後白河院と待賢門院〜なぜ、和歌ではなく今様か(2)親王のライフ

「瀬をはやみ岩にせかるる滝川のわれても末に逢はむとぞ思う」は落語の崇徳院でお馴染だが、後白河院の兄の崇徳上皇歌人としても優れていた。また、息子の高倉天皇も仕えた歌人藤原定家の手ほどきもあってか、幾つかの歌を残しているが、後白河院が和歌の一首も詠んだという話はついぞ聞かない。和歌を詠むことは最低限の教養とされる帝王学を身につける機会から外されていたからか。

「そのかみ、十余歳の時より今にいたるまで、今様を好みて怠ることなし」と梁塵秘抄口伝に自ら語った後白河院が十余歳の時は、どういう状況におかれていたかを理解するために、父の鳥羽天皇以降の皇位順位表を即位時の年齢付で作ってみた(当時は数え年)。



 
 これを見ると、後白河院天皇の29歳が突出している。ある本によると院政時代の天皇即位の平均年齢は7歳であり、六条天皇に至っては満一歳にも達していなかったそうだ。

 雅仁親王鳥羽上皇の第4皇子として生まれた時、長兄の崇徳は天皇の座にあり、中の二人の兄が病弱で夭逝した事もあって皇位継承としては悪くない位置に居た。しかし13歳の元服と同時に、鳥羽上皇が寵愛する美福門院に皇子(近衛天皇)が産まれ、その翌年に崇徳天皇に皇子(重仁親王)が誕生したことで急速に皇位が遠のく。

皇室に生まれても、天皇に即位しない男子は出家して出世を目指すか、あるいは数ある親王の一人として趣味三昧の生涯を選ぶ他は無く、そんな状況下で雅仁親王は、出家を念頭に置きながらも、今様の第一人者として生きることを選んだのではないかと、私は『梁塵秘抄』口伝から推測する。

梁塵秘抄』は現存するのは「巻二」「口伝 巻十」の全巻と巻一の抄出部分など一部だけであるが、全体は二十巻からなり、おそらくは十巻は詞華集、十巻は口伝集で、失われた部分を含めれば約五千首を超える大詞華集あったとされる。

それらの歌は、「上達部(公卿)・殿上人は言わず、京の男女、所々の端者、雑士、江口・神崎の遊女(あそびめ)※、国々の傀儡子(くぐつ)、上手は言わず」今様をうたう者がいると聞き及べば、後白河院と声を合わせて謡わなかった者は少ないくらいだと、自ら語るようにして聴き集めた五千首であり、そのあらかたを記し終えたのが院の42歳頃であることを考慮すると、雅仁親王の時代から「今様をライフワーク」と決めて取り組んでいたのではないか。

それだからこそ、神崎のかねさんを母の待賢門院が呆れるくらい、とことん付き合わせたのだ。
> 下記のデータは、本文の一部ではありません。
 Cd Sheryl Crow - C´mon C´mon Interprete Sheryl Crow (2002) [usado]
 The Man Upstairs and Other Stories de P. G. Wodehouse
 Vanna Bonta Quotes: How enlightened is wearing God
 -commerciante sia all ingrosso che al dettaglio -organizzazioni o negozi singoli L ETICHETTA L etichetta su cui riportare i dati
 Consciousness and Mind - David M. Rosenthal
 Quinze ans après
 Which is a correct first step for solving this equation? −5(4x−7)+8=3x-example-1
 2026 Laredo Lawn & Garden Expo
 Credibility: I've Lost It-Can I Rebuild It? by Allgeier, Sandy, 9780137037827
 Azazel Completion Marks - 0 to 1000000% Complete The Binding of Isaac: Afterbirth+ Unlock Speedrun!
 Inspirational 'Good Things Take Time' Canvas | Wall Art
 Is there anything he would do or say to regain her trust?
水上交通の要港の神崎で、諸国の旅人と今様を謡い交わし、レパートリーを沢山持つかねさんが知っている歌を全てを吐き出させて書き記し、さらに、院自身がかねさんと寸分違わず謡いこなせるレベルに達するまで、かねさんを帰しても一人で鼓の音高く練習する。なんとも鬼気迫る芸道修行ではないか。

※ 淀川流域の水上交通の要港である江口・神崎は遊女(あそびめ)の一大拠点でもあった(下図参照(「梁塵秘抄のうたと絵」五味文彦著より)。